I always go back to the real numbers because traders online and the press are notoriously wrong about these things ( too much bias really ).
See, that's exactly my point. You're saying that it's crazy for some people to say a PE ratio of 50 will cause a crash since they are used to a number of 12. All those numbers were based on money actually having a value, and interest rates being "normal". These days, money have no value, interest rates are near zero, or can become negative, so any idea of what is normal is really out the window. If the business community can accept 50, fine. If the business community can throw billions of dollars at companies that burn money, fine.

None of these numbers matter anymore so it doesn't really matter what they are or what someone things of them since it can be spinned in any sort of direction.
 
See, that's exactly my point. You're saying that it's crazy for some people to say a PE ratio of 50 will cause a crash since they are used to a number of 12. All those numbers were based on money actually having a value, and interest rates being "normal". These days, money have no value, interest rates are near zero, or can become negative, so any idea of what is normal is really out the window. If the business community can accept 50, fine. If the business community can throw billions of dollars at companies that burn money, fine.

None of these numbers matter anymore so it doesn't really matter what they are or what someone things of them since it can be spinned in any sort of direction.

Come back to reality; the chart says 24.7 is the current P/E and we haven't been at 12 since the mid 1980s. So if anybody is still "used" to 12 they may still have a Commodore 64 on their desk.
 
Come back to reality; the chart says 24.7 is the current P/E and we haven't been at 12 since the mid 1980s. So if anybody is still "used" to 12 they may still have a Commodore 64 on their desk.
But from the chart, both mean and median are way below your current 24 at 15 and 14. In fact, only 3 times has it gone above 25. And although the 2 recent ones have stayed above this number for many months, they have both come crashing down. So if anything, your chart shows that 24 really isn't sustainable.
 
But from the chart, both mean and median are way below your current 24 at 15 and 14. In fact, only 3 times has it gone above 25. And although the 2 recent ones have stayed above this number for many months, they have both come crashing down. So if anything, your chart shows that 24 really isn't sustainable.
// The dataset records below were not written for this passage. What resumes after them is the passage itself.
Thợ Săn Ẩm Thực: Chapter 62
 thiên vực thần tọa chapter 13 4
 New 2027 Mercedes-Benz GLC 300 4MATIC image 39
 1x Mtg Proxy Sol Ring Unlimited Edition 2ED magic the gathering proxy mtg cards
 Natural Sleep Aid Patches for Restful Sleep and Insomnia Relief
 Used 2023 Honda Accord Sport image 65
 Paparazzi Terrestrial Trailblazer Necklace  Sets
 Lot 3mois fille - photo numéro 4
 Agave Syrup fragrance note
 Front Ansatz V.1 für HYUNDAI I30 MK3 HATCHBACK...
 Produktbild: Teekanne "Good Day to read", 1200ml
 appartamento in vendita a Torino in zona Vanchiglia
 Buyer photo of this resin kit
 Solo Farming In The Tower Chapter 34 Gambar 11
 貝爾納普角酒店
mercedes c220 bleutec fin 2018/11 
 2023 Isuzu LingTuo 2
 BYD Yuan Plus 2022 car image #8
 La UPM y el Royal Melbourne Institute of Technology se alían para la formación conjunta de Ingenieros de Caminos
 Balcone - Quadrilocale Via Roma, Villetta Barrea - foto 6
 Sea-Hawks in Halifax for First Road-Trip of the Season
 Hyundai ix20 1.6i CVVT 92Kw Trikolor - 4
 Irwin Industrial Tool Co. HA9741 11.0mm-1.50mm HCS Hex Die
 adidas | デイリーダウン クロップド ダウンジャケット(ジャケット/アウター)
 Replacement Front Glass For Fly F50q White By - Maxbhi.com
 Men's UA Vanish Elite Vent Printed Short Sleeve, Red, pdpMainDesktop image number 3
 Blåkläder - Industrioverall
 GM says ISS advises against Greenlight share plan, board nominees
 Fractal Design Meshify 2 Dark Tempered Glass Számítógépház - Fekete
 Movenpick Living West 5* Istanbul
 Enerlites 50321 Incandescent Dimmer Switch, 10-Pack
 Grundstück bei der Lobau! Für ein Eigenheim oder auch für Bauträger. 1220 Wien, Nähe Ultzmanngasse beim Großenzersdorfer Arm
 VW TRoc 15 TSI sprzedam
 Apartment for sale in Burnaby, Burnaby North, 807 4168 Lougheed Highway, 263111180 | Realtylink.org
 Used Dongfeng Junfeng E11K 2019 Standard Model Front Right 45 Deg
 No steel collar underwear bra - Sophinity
Your analysis of that chart is terrible. Throw out anything before 1990 it's irrelevant. Mean and median aren't 14 or 15 in the modern era. Why on earth do you care what the P/E of the SPX was when interest rates were like 10-20%
 
Your analysis of that chart is terrible. Throw out anything before 1990 it's irrelevant. Mean and median aren't 14 or 15 in the modern era. Why on earth do you care what the P/E of the SPX was when interest rates were like 10-20%
It's all irrelevant. The earnings part doesn't matter anymore so the whole metric is useless.
 
You should also, for the heck of it, post the closing price with the percentage change. For transparency purposes. :)

Fair enough, but I'm not too concerned because charts are pretty much accessible everywhere now. However, I'm sticking to the "% change" to show how many days would elapse before it drops 10%. As we all know, 10% drop is the precursor to a recession.

Hope that makes sense.
 
We've had 3-4 of those in the past 2 years. Where's the recession?
Did we? I never noticed. :)

Anyway, this is all for fun. Don't attach too much meaning. For the time being, trade well and live well.